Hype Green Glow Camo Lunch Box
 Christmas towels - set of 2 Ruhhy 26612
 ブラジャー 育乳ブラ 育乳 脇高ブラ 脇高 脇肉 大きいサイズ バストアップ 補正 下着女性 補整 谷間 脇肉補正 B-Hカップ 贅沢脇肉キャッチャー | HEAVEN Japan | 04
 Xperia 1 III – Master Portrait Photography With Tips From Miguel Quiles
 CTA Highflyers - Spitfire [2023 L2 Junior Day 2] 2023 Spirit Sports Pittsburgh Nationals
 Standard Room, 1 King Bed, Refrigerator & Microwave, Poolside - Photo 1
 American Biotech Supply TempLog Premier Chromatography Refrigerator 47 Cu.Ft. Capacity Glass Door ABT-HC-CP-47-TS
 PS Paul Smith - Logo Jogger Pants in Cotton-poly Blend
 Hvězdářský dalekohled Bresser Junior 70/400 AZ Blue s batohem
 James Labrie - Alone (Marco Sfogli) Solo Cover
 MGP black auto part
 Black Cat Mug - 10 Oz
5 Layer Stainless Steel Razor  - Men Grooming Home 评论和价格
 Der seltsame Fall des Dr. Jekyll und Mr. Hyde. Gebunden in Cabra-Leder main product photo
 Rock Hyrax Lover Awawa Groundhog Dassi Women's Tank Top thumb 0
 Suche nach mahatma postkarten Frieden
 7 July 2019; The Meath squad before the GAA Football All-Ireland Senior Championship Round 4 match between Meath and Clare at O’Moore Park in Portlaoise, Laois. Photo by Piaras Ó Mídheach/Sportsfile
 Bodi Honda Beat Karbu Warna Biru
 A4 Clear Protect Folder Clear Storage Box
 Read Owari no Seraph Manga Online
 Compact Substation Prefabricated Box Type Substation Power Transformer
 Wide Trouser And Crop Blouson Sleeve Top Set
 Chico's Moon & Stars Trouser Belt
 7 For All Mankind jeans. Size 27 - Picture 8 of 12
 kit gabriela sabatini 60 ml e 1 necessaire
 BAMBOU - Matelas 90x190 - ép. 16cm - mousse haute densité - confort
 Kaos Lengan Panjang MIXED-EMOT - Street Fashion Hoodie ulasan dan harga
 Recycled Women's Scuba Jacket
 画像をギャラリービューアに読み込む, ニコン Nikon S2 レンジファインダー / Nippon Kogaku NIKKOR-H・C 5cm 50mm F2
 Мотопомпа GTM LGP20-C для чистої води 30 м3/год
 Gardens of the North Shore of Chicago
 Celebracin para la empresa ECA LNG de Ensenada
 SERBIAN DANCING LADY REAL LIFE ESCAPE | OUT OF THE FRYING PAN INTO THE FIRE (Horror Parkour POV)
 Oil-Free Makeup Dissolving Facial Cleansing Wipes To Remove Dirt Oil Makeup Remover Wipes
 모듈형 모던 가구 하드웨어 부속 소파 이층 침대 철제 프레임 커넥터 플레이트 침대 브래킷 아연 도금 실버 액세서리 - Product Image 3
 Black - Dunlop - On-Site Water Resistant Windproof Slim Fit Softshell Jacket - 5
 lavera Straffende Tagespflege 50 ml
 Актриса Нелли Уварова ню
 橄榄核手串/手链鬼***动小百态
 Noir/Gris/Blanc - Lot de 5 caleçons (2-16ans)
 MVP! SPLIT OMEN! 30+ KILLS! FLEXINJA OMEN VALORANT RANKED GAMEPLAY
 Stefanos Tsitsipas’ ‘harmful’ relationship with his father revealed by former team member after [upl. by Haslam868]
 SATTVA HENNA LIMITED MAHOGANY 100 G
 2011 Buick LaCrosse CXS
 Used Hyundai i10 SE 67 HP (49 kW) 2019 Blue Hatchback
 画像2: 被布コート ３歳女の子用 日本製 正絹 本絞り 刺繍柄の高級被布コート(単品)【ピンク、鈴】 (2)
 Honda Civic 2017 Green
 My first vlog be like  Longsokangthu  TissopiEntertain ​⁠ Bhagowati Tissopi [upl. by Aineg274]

------------------------------------------------------------------------

**Task to carry out**.
Retype the portion of the data above that starts on the line with "Der seltsame Fall" and finishes on the line with "Bodi Honda Beat Karbu Warna Biru", including both of those lines.

**Written response**.
 Der seltsame Fall des Dr. Jekyll und Mr. Hyde. Gebunden in Cabra-Leder main product photo
 Rock Hyrax Lover Awawa Groundhog Dassi Women's Tank Top thumb 0
 Suche nach mahatma postkarten Frieden
 7 July 2019; The Meath squad before the GAA Football All-Ireland Senior Championship Round 4 match between Meath and Clare at O’Moore Park in Portlaoise, Laois. Photo by Piaras Ó Mídheach/Sportsfile
 Bodi Honda Beat Karbu Warna Biru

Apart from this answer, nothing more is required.